* Exercise goal *
The entries below must be restated word for word.
Supplied data: Begin
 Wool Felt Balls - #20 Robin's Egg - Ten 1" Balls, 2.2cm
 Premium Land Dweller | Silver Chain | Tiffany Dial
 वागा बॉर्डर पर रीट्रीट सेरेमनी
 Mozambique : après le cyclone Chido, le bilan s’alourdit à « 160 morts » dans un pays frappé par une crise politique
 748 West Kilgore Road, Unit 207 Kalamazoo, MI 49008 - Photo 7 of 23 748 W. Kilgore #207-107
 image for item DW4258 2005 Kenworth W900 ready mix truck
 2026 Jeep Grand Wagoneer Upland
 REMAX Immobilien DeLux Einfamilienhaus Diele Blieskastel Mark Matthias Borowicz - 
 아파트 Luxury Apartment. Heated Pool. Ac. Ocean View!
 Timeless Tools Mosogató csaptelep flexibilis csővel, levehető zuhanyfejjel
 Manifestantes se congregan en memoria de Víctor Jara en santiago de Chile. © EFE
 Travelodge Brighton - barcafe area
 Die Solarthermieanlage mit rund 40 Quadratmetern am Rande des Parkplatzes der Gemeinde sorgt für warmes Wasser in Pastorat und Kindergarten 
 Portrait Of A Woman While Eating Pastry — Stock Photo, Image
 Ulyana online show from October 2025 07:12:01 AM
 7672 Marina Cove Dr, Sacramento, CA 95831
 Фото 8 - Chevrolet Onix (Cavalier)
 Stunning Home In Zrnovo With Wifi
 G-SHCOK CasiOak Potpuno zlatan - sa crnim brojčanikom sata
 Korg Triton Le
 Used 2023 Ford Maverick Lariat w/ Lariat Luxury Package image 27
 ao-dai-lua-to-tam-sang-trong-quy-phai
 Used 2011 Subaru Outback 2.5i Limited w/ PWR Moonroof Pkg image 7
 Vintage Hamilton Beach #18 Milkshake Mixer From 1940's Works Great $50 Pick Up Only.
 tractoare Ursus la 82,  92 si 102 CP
Supplied data: End
* Task result *
 Wool Felt Balls - #20 Robin's Egg - Ten 1" Balls, 2.2cm
 Premium Land Dweller | Silver Chain | Tiffany Dial
 वागा बॉर्डर पर रीट्रीट सेरेमनी
 Mozambique : après le cyclone Chido, le bilan s’alourdit à « 160 morts » dans un pays frappé par une crise politique
 748 West Kilgore Road, Unit 207 Kalamazoo, MI 49008 - Photo 7 of 23 748 W. Kilgore #207-107
 image for item DW4258 2005 Kenworth W900 ready mix truck
 2026 Jeep Grand Wagoneer Upland
 REMAX Immobilien DeLux Einfamilienhaus Diele Blieskastel Mark Matthias Borowicz - 
 아파트 Luxury Apartment. Heated Pool. Ac. Ocean View!
 Timeless Tools Mosogató csaptelep flexibilis csővel, levehető zuhanyfejjel
 Manifestantes se congregan en memoria de Víctor Jara en santiago de Chile. © EFE
 Travelodge Brighton - barcafe area
 Die Solarthermieanlage mit rund 40 Quadratmetern am Rande des Parkplatzes der Gemeinde sorgt für warmes Wasser in Pastorat und Kindergarten 
 Portrait Of A Woman While Eating Pastry — Stock Photo, Image
 Ulyana online show from October 2025 07:12:01 AM
 7672 Marina Cove Dr, Sacramento, CA 95831
 Фото 8 - Chevrolet Onix (Cavalier)
 Stunning Home In Zrnovo With Wifi
 G-SHCOK CasiOak Potpuno zlatan - sa crnim brojčanikom sata
 Korg Triton Le
 Used 2023 Ford Maverick Lariat w/ Lariat Luxury Package image 27
 ao-dai-lua-to-tam-sang-trong-quy-phai
 Used 2011 Subaru Outback 2.5i Limited w/ PWR Moonroof Pkg image 7
 Vintage Hamilton Beach #18 Milkshake Mixer From 1940's Works Great $50 Pick Up Only.
 tractoare Ursus la 82,  92 si 102 CP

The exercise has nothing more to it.